A panel of legal scholars led by former New York Gov. George Pataki debated whether Puerto Rico should choose statehood or independence from the United States at Fordham Law School forum on March 26.
Constitutionally considered a U.S. territory since 1898, the island of four million U.S. citizens remains under the sovereignty of the federal government. It receives some of the benefits endowed upon the 50 sovereign states and is subject to most federal laws.
But Puerto Rico has no voting representative in Congress and its citizens are not allowed to vote in federal elections (although they can vote in presidential primaries).
Constitutional law expert Christina Duffy Burnett, associate professor at Columbia Law School, outlined the options available to Puerto Rico: independence, statehood, or “enhanced commonwealth,” a status somewhere in between the two.
Enhanced Commonwealth (EC) status, she said, would allow Puerto Rico to strengthen its union with the U.S. while still maintaining a sense of self-determination.

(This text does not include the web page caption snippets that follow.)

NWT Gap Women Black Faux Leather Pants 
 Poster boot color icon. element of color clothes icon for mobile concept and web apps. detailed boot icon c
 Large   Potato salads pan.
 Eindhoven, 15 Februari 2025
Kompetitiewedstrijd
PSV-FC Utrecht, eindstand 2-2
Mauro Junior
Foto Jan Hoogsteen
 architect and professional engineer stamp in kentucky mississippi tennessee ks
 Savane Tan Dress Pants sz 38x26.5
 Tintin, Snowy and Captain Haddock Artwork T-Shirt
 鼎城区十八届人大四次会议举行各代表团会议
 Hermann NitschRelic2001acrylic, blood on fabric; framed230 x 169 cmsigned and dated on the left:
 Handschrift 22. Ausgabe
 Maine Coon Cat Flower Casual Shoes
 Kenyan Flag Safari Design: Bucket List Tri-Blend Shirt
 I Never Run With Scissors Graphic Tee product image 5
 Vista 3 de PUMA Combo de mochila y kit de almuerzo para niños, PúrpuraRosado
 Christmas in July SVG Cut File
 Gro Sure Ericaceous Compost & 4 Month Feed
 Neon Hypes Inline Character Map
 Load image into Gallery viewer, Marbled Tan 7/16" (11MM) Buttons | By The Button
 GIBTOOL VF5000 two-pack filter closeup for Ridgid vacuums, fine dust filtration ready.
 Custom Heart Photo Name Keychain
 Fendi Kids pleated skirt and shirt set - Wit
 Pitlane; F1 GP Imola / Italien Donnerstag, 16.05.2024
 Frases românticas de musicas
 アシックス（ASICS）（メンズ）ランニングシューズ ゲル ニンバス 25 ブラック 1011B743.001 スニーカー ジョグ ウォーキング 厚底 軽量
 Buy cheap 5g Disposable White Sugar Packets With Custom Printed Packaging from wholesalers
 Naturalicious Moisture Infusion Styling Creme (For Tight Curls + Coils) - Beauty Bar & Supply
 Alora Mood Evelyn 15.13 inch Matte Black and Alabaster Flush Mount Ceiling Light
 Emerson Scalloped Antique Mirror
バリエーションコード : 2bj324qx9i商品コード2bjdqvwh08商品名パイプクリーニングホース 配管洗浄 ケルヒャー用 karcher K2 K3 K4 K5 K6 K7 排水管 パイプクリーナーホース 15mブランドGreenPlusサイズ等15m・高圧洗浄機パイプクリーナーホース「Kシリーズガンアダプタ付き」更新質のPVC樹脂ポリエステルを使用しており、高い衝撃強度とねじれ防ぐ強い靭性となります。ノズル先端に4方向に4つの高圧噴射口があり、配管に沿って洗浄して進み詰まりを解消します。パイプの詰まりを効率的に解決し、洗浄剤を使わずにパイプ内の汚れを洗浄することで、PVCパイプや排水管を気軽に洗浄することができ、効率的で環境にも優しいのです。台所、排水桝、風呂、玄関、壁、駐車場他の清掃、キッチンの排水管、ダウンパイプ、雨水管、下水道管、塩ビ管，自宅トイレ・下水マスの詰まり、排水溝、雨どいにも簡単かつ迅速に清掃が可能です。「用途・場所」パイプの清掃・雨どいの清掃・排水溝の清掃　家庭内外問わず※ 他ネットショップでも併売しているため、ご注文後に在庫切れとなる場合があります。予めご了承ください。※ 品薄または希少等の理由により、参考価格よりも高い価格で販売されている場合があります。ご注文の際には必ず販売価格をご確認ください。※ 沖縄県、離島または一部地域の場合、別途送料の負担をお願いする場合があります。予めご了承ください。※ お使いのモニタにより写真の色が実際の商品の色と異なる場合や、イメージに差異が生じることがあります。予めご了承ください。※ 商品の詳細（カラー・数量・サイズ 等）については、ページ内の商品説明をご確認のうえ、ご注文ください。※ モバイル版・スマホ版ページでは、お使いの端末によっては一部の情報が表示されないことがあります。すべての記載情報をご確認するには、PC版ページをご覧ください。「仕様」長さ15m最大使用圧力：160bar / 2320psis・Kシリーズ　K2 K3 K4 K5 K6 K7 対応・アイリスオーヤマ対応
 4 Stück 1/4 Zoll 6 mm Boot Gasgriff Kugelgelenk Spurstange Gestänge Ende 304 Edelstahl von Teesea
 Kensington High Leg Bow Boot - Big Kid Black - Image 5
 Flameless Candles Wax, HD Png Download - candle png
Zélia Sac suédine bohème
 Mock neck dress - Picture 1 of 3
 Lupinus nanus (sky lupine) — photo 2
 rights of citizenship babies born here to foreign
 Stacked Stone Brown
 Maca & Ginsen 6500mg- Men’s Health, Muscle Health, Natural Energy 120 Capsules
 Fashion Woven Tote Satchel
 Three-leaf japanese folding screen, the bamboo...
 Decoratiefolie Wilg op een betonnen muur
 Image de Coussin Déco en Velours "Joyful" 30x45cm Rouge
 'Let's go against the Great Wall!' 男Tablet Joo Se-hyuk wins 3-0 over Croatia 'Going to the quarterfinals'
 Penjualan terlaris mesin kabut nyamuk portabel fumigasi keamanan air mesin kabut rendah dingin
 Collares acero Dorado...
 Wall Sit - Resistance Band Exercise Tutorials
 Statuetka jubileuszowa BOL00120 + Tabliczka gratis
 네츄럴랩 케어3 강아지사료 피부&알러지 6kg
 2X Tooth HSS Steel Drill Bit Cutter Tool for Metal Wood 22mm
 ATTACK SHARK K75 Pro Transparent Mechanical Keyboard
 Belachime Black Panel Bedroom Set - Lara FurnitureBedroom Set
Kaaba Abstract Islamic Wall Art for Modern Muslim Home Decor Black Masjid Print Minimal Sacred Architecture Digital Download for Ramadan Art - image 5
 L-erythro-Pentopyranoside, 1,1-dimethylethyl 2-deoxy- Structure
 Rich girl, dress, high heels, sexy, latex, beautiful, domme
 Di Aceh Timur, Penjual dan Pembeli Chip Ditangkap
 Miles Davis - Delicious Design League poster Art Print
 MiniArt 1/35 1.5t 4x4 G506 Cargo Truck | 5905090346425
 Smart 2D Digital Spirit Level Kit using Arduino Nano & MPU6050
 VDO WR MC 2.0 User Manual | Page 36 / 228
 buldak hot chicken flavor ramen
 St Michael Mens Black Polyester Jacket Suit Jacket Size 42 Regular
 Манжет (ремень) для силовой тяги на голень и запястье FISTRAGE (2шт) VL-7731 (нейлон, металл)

Proposals for an EC include:
• guaranteed U.S. citizenship and guaranteed federal funding on programs for education, health care, veterans and other areas;
• separate membership in the U.N. for Puerto Rico;
• power to enter into treaties with other nations;
• the right to nullify certain, but not all, U.S. laws within its own territory.
Duffy said that the people of Puerto Rico have voted for commonwealth status on at least two occasions, but that the congress has “basically ignored them.” What must be done, Duffy said, is to decide whether a constitutional basis exists for creating an EC.
Pataki, however, said no such constitutional basis exists; therefore presenting the people of Puerto Rico with such an “invalid option” was misleading.
“The odds of a U.S. Congress ever passing a law—and a president signing a law—that allows a part of this country to form treaties, or to join the U.N., is about zero,” said Pataki, who was instrumental in stopping U.S. military weapons testing on the island.
The true choice is whether you are going to be a territory dependent on those people in Washington who you are not able to vote for, or are you going to become a state?”
The forum was sponsored by the Center for Puerto Rico Equality & Advancement and Fordham Law School.